Herzig-Yoshinaga’s discovery of a 1942 document in the National Archives debunked the wartime administration’s claims of “military necessity” and proved that the thousands of Japanese-Americans were incarcerated in camps due to racism.
The government had previously maintained that Japanese-Americans were sent to the camps because there was no time to determine who might be spies.
However, according to the document “Final Report on Japanese Evacuation from the West Coast” drafted by Lt. Gen. John L. DeWitt that Herzig-Yoshinaga uncovered in 1982, the U.S. government considered it “impossible to separate the sheep from the goats” when looking for spies among Japanese-Americans.
“Her discovery of that original published justification, which was then later altered 180 degrees, revealed that the motivation for incarceration was not really a military necessity but outright racism,” said San Francisco lawyer Dale Minami, who used the document as evidence in overturning the convictions of Gordon Hirabayashi, Fred Korematsu, and Minoru Yasui.
The document also led to the Civil Liberties Act of 1988 which granted an official apology and $20,000 to each camp survivor or their heirs.
Minami noted that authorities thought every copy of the document had been destroyed until Herzig-Yoshinaga found it after being hired as the lead researcher for the Commission on Wartime Relocation and Internment of Civilians.   
Born in Sacramento, California in 1924, Herzig-Yoshinaga was the fifth of six children. Her family moved to Los Angeles when she was nine years old.
Herzig-Yoshinaga was a high school senior in Los Angeles when Pearl Harbor was attacked in 1941. Months later, President Roosevelt issued Executive Order 9066 authorizing the removal of any or all people from military areas “as deemed necessary or desirable.”

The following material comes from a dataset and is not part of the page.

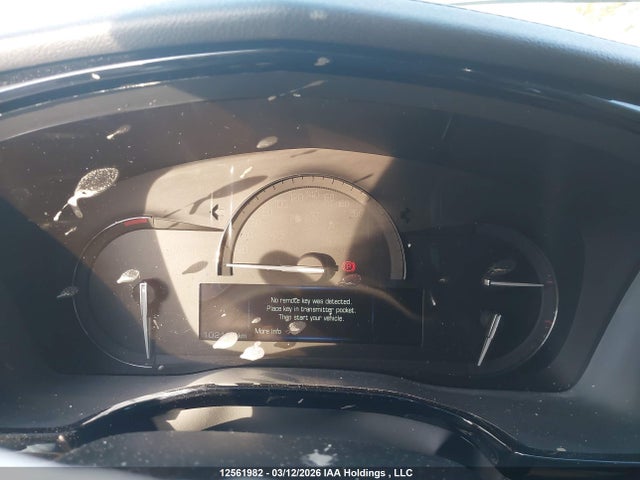 1GYKNARS6KZ269021 Cadillac XT5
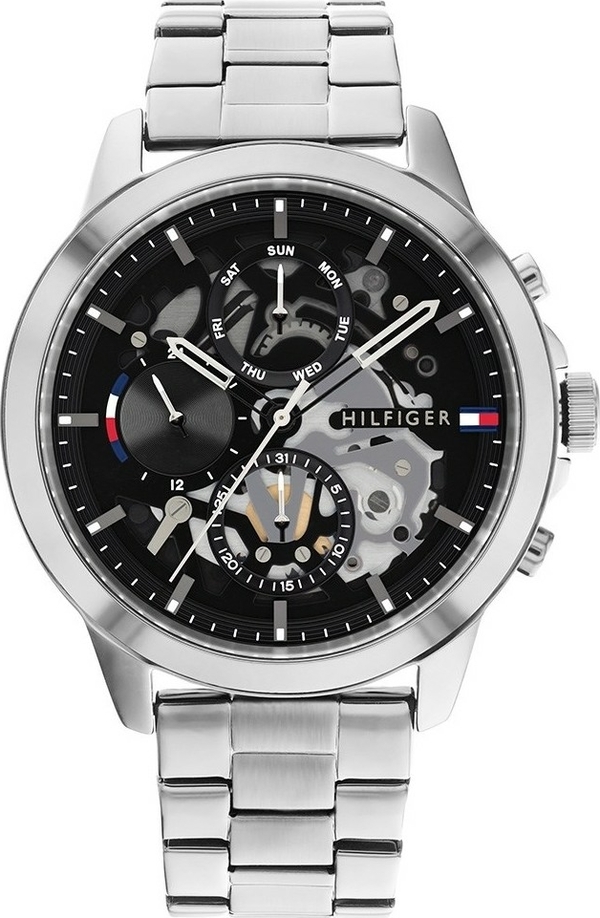 TOMMY HILFIGER TH1710477 Analog ERKEK KOL SAATİ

The military would then define the entire West Coast as a military area. Since it is home to the majority of Americans of Japanese ancestry or citizenship, over 110,000 Japanese Americans were relocated to remote internment camps built by the U.S. military shortly after.
Many of these Japanese Americans endured extremely difficult living conditions and poor treatment by their military guards for the next two and a half years.
Herzig-Yoshinaga was one of them, as she was sent to camp and forced to leave school before graduation.
Her first child was born in Manzanar, one of 10 American concentration camps where over 110,000 Japanese Americans were interned. She was later transferred to Jerome and Rohwer, eventually divorcing her then-husband.
When the war ended, she left camp and settled in New York where she remarried and had two more children before divorcing again.
In the 1960s, while living as a single mother, Herzig-Yoshinaga thought about what caused the government to lock her up.
“I hooked up with a group called Asian Americans for Action,” she was quoted as saying when she was honored with a legacy award at an event by a Manzanar Committee in 2011. “They turned my head around. They got me to think, ‘Yeah, I never thought about all the reasons why the government did this to us.”
Minami noted that Herzig-Yoshinaga was just a regular person who was driven to a personal crusade after she began wondering, “Why was I plucked out of high school before my senior year and not allowed to graduate?”
“She was just a lovely woman, very kind and generous,” he added. “You could even call her sweet and cute. But that belied a real commitment to social justice. Not just for Japanese-Americans but for all marginalized groups.”
A memorial in her honor is set at the Japanese-American National Museum in Los Angeles on September 2.